Joost saga limps to conclusion

Adconion, an online advertising company, has acquired most of Joost, bringing to an unhappy end the online video venture backed by the founders of Skype.

Niklas Zennstrom and Janus Friis, who founded Joost in 2006, raised $45m from investors including Sequoia Capital, Index Ventures and Li Ka-shing, the Hong Kong tycoon, before launching the service to great fanfare in 2007.

But Joost struggled to compete with online video sites run by broadcasters, such as the BBC’s iPlayer and Hulu, owned by NBC and Fox. It abandoned its consumer-facing business in July to focus on selling its technology to other media companies.

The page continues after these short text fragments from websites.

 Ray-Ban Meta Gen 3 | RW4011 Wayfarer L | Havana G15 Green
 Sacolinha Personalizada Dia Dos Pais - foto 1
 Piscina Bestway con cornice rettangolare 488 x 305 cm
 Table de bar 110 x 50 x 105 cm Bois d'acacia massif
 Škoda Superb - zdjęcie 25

Last month, its UK arm was put into liquidation. Now Adconion has acquired some of Joost’s technology, staff and content deals for an undisclosed fee, along with the rights to Joost.com.

Like Joost, Adconion sits in Index Ventures’ portfolio. A provider of targeted advertising technology to 2,000 publishers, Adconion raised $80m (£41m) in February 2008 from Index and Wellington Partners, making it the largest digital media investment by European venture firms.

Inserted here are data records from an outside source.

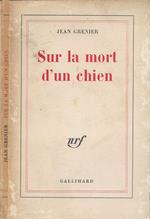 Sur la mort d'un chien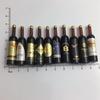 Миниатюрные модели бутылок красного вина из смолы для ювелирных изделий и реквизит для микроландшафта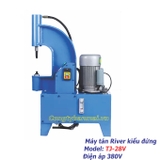 Máy tán Rive guốc phanh TJ-28V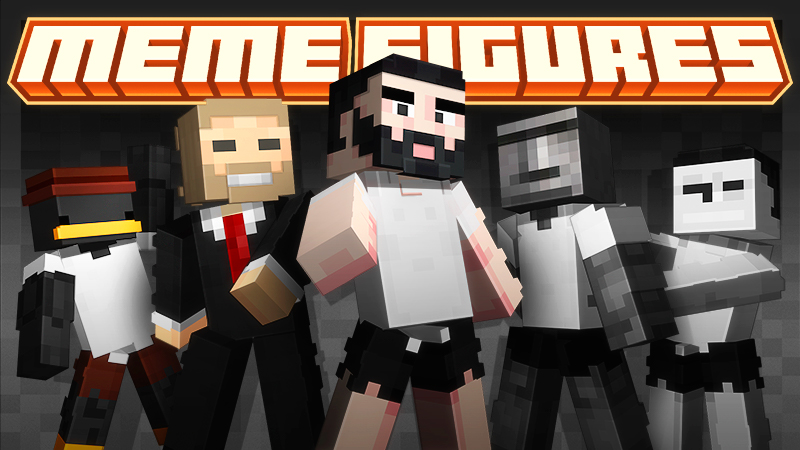 Meme Figures on the Minecraft Marketplace by Piki Studios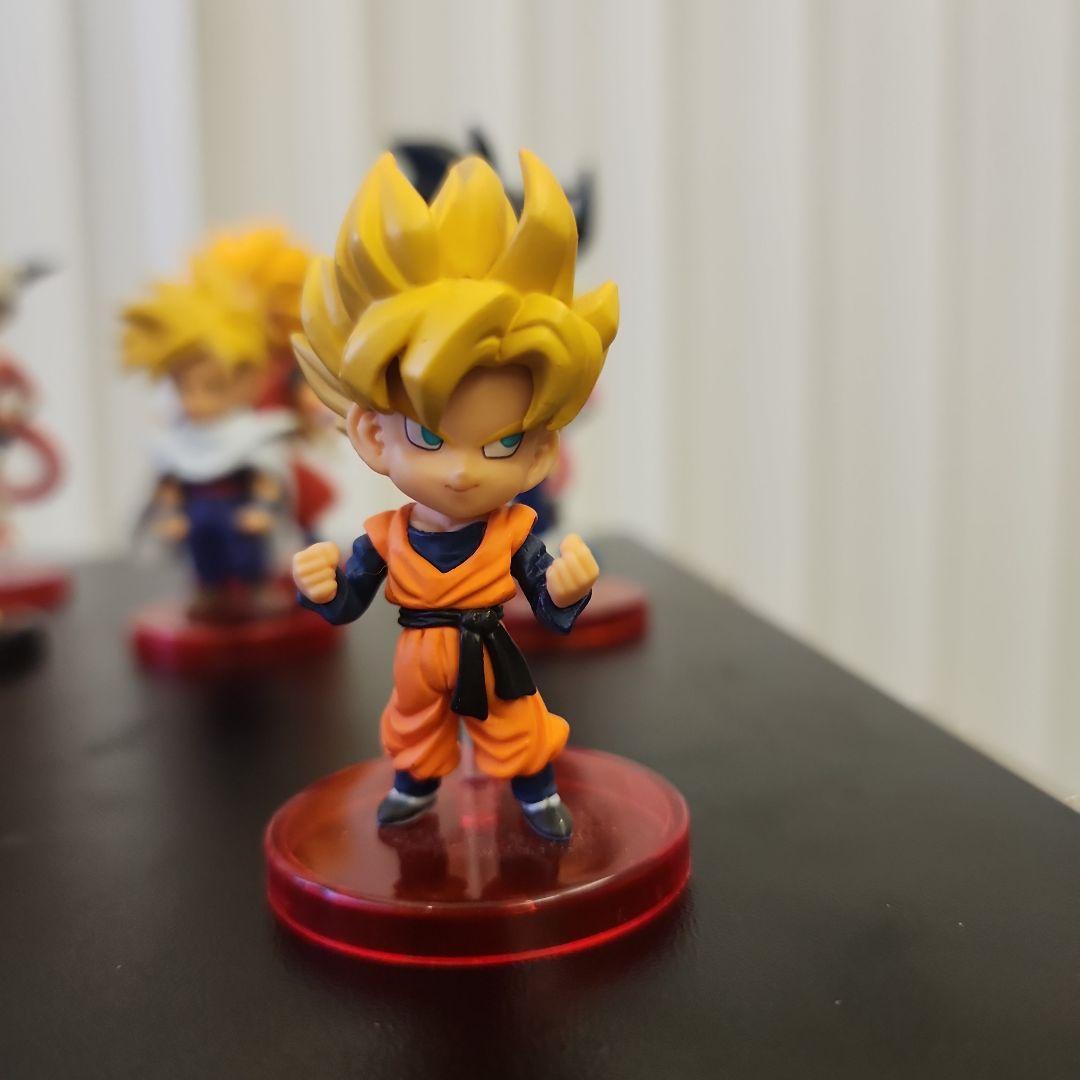 ドラゴンボール　ワールドコレクタブルフィギュアなど（WCF）箱なし　１３体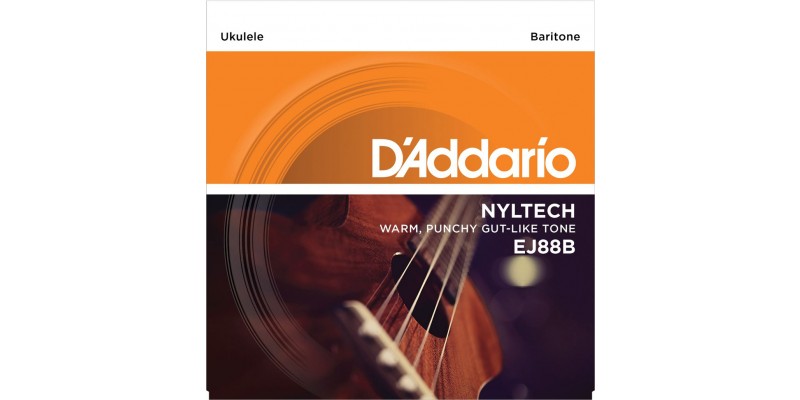 D'Addario EJ88B Nyltech, Baritone Ukulele Strings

Mr Friis said in a statement: “Over the past few months we have been actively exploring strategic options for Joost, and have concluded that the sale of certain of its assets to Adconion is in the best interests of Joost.”

So is the Joost saga finally over? It’s not entirely clear. Nobody was able to explain what exactly remains in the company formally known as Joost, stripped of its name and most of its content and technology. A likely explanation is that Mr Zennstrom and Mr Friis retain ownership of Joltid, the peer-to-peer technology that helped distribute video content efficiently and also lies at the heart of Skype (and its recent legal dispute).

For Adconion, which has in the last year put video at the heart of its vast network of targeted advertising, Joost.com provides new branding and visibility, as well as content to share with its partners. Adconion claims to reach 400m people through its partner sites, and just as it looks at the web pages they’ve visited to infer purchasing intent to sell to advertisers, it can also provide more relevant video content based on their browsing behaviour.

More significantly, Joost’s rights management technology – which allowed content owners to specify that their shows could be watched on a particular device in one country but not in another – will enhance its video-ad server.

Adconion expects its revenues to grow 65 per cent this year, and it is already profitable, so Joost’s technology and employees have found a happier home than their recent limbo. But this deal – presumably costing Adconion a tiny fraction of $45m – is a long, long way short of the Skype-sized exit that its backers had in mind less than three years ago.